- [BRIEF] Each line of the data below from the one holding "You can see" to the one holding "Included in the", inclusive, is to be reproduced exactly; no other line belongs in the answer.

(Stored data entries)
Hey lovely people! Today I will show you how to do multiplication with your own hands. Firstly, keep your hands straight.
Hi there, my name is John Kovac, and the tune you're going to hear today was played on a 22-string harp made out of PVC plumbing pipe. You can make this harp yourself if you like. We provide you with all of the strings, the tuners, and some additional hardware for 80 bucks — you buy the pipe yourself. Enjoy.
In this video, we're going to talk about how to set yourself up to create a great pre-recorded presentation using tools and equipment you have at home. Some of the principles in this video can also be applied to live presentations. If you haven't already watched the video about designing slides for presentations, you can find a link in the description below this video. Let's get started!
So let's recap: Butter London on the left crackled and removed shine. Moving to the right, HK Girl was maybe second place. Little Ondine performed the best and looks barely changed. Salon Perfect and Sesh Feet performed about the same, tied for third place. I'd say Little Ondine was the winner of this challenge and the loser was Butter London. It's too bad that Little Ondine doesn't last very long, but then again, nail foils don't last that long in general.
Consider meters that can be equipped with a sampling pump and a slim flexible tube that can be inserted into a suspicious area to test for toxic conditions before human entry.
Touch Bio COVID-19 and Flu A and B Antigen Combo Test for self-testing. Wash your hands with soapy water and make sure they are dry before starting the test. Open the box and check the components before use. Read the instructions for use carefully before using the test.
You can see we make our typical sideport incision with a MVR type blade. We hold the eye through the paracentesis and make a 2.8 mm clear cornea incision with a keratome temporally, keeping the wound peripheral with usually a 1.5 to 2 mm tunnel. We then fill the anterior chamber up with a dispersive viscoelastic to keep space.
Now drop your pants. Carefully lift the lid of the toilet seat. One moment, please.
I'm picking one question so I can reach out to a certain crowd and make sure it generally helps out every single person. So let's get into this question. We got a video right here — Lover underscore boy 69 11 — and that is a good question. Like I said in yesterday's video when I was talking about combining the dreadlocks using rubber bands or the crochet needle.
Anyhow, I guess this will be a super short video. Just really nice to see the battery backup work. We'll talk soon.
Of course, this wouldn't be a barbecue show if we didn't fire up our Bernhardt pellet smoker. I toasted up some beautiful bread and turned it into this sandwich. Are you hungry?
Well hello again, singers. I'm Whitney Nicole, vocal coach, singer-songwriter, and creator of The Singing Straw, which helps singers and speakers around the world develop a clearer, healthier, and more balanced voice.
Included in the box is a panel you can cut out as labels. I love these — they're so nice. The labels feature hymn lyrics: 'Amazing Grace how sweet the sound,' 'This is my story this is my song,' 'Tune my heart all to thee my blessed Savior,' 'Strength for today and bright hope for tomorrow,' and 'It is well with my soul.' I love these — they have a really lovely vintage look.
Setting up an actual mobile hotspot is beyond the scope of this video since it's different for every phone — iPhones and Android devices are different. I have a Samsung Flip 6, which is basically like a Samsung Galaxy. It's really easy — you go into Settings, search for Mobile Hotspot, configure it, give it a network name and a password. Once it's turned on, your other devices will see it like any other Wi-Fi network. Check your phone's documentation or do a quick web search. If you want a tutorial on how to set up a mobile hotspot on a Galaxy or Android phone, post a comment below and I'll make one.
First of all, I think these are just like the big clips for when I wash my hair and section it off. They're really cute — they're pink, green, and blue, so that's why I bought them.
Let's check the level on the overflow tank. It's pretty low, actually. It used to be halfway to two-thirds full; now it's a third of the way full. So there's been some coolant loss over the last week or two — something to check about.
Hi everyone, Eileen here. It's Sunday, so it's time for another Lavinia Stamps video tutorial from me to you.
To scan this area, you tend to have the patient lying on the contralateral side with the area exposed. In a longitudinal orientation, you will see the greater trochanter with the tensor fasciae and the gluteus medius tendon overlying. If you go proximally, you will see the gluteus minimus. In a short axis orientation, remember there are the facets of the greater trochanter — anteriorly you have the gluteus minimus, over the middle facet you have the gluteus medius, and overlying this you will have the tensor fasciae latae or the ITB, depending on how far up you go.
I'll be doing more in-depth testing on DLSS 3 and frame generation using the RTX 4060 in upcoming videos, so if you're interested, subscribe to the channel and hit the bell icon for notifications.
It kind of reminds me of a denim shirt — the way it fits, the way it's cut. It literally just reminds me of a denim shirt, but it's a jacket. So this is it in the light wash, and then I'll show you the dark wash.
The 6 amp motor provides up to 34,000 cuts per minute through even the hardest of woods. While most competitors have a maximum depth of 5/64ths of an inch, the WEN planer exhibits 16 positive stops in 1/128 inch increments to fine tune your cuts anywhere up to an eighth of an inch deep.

- [TASK RESPONSE]
You can see we make our typical sideport incision with a MVR type blade. We hold the eye through the paracentesis and make a 2.8 mm clear cornea incision with a keratome temporally, keeping the wound peripheral with usually a 1.5 to 2 mm tunnel. We then fill the anterior chamber up with a dispersive viscoelastic to keep space.
Now drop your pants. Carefully lift the lid of the toilet seat. One moment, please.
I'm picking one question so I can reach out to a certain crowd and make sure it generally helps out every single person. So let's get into this question. We got a video right here — Lover underscore boy 69 11 — and that is a good question. Like I said in yesterday's video when I was talking about combining the dreadlocks using rubber bands or the crochet needle.
Anyhow, I guess this will be a super short video. Just really nice to see the battery backup work. We'll talk soon.
Of course, this wouldn't be a barbecue show if we didn't fire up our Bernhardt pellet smoker. I toasted up some beautiful bread and turned it into this sandwich. Are you hungry?
Well hello again, singers. I'm Whitney Nicole, vocal coach, singer-songwriter, and creator of The Singing Straw, which helps singers and speakers around the world develop a clearer, healthier, and more balanced voice.
Included in the box is a panel you can cut out as labels. I love these — they're so nice. The labels feature hymn lyrics: 'Amazing Grace how sweet the sound,' 'This is my story this is my song,' 'Tune my heart all to thee my blessed Savior,' 'Strength for today and bright hope for tomorrow,' and 'It is well with my soul.' I love these — they have a really lovely vintage look.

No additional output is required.